Scratching is a normal, healthy behavior for cats. In some cases, getting your cat to stop scratching your furniture is simply a matter of providing appropriate scratching materials in the right locations.
However, some cats do need help understanding the difference between scratching their post and scratching the sofa. This training method uses positive reinforcement to reward your cat for scratching the appropriate surface. In the example below, we will use a scratching post as the item you want your cat to scratch.
- Step 1: Make the Scratching Item Enticing
Make the scratching post enticing for your cat. Keep it in an area of the house that your cat frequents, and experiment to determine the texture he or she prefers. You can also spray pheromones or catnip on the surface to encourage him or her to explore it.
- Step 2: Monitor and Correct the Undesired Behavior
If you catch your cat scratching the furniture, do not yell, hit, or try to scare your cat. Instead, calmly and gently pick your cat up and place him or her on or near the scratching post.
- Step 3: Encourage Desired Behavior
Allow your cat a moment to sniff and explore the scratching post. You can also pretend to scratch the surface with your own hands to encourage your cat to do the same.
- Step 4: Reward Desired Behavior
When your cat scratches the post, even if it is only for a second, immediately reward him or her with some high value treats or canned food. If he or she scratches again, give another reward! Treats and food are not the only rewards a cat will work for; some cats will work for pets and attention.
- Step 5: Continue Rewarding Desired Behavior
Any time you happen to see your cat using the scratching post appropriately, reward your cat! The more often you do this, the more the behavior is reinforced in a positive manner.
Underlying Causes for Behavior Problems
Bad behavior rarely occurs in isolation. Often there is an underlying cause or trigger for your cat’s undesirable actions.
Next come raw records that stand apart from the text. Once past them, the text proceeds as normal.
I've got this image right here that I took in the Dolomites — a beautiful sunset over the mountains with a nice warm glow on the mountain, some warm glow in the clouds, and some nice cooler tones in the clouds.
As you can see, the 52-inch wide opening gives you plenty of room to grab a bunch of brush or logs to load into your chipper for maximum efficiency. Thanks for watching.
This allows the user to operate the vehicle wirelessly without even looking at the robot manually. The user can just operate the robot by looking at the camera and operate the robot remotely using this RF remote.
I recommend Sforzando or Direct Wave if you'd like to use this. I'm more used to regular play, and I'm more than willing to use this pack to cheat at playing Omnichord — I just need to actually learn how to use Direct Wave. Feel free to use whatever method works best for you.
Some behaviors, such as scratching furniture, are totally natural for your cat and simply need to be redirected to a more appropriate outlet. Other behavior problems may be brought about by a number of underlying factors, such as:
- Stress, fear, or anxiety
- Social tension with other cats in the household
- Lack of environmental enrichment
- Poor litter box management
- Lack of adequate resources, or difficulty accessing resources
- Illness or pain
If you need more information or help with each factor listed above, click on the links to get additional details.
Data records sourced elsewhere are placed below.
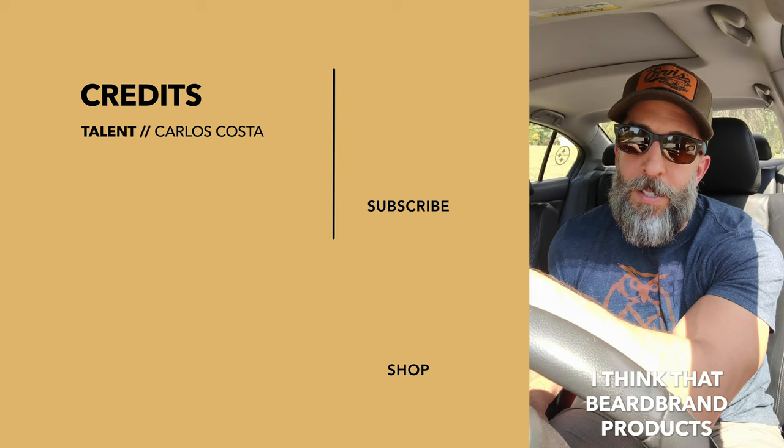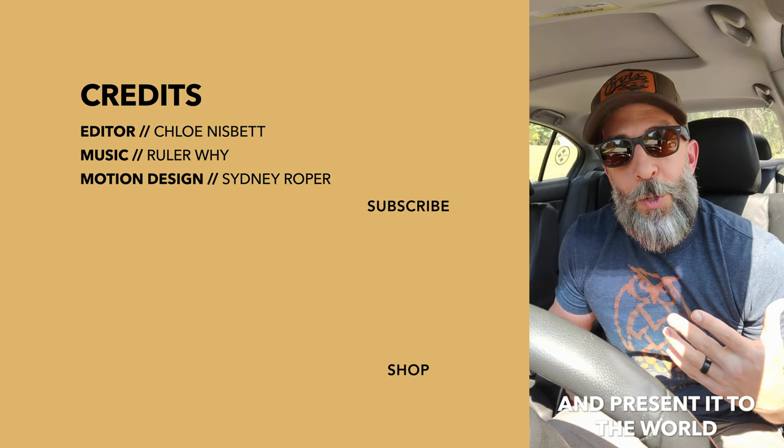Hey I'm Mark. I think that Beard Brand products and the Beard Brand mission have really helped me kind of wear my beard and present it to the world in a way that, honestly, for the first time in my life kind of makes me feel handsome. Anyway, thanks guys.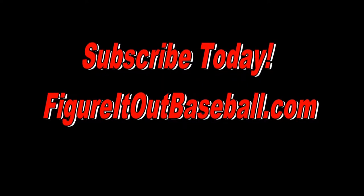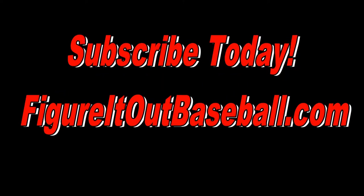Again, I'm Tyler Sullivan, the assistant baseball coach here at Seton Hill University with Figure It Out Baseball. Make sure you check out my next video where we go over the weed drill.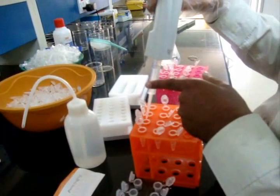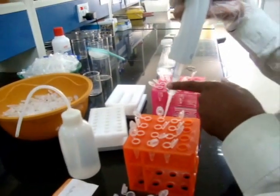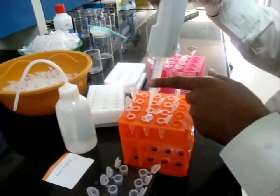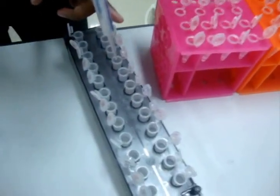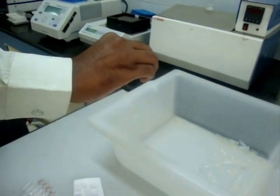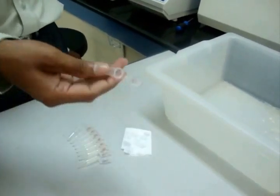Keep it for half an hour. Centrifuge it again at 13,000 RPM for 10 minutes. Decant and wash it with 70% ethanol. Air dry the pellet and dissolve it in 100 µL TE buffer for further analysis.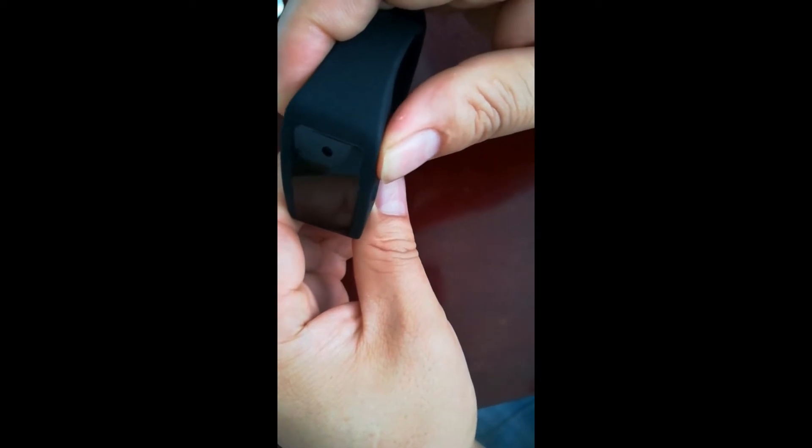At standby mode, press the video record button for 1 second. The camera starts video recording — the red LED light flashes 3 times then turns off, and the camera vibrates 3 times.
Any changes in your cat’s behavior should be evaluated by your veterinarian. Your veterinarian will first try to determine whether your cat’s issue is due to an underlying illness. The veterinarian will perform a full physical examination, and may recommend additional testing such as blood work or a urinalysis to identify changes in your cat’s health. If no medical problems are identified, your veterinarian will discuss potential triggers and management of the problem behavior. In some cases, your veterinarian may also recommend medications or supplements to help your cat.
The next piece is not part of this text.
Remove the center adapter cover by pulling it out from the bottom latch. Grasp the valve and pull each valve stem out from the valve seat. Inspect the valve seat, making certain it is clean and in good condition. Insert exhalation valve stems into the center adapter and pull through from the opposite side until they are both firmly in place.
What If the Problem Continues?
Sometimes behavior problems persist despite medication and appropriate management. This is especially true in cases where it is difficult to pinpoint an underlying trigger for the inappropriate behavior. If this occurs, it is best to seek the help of a board certified veterinary behaviorist. A board certified veterinary behaviorist is a veterinarian who has completed years of additional training in animal behavior, and who specializes in dealing with problem behaviors. The veterinary behaviorist will help you identify triggers for your cat’s behavior, and will also develop a behavior modification plan to train your cat to behave appropriately. You can find a board certified veterinary behaviorist in your area here.
Problem behaviors can be tough to deal with, but fortunately your cat can be disciplined to behave appropriately. For your cat’s health and safety, it is important that you avoid punishment and focus on positive reinforcement training methods. By offering rewards for desired behaviors, you will not only teach your cat new tricks, but you will also strengthen the bond with your feline friend. Happy bonding!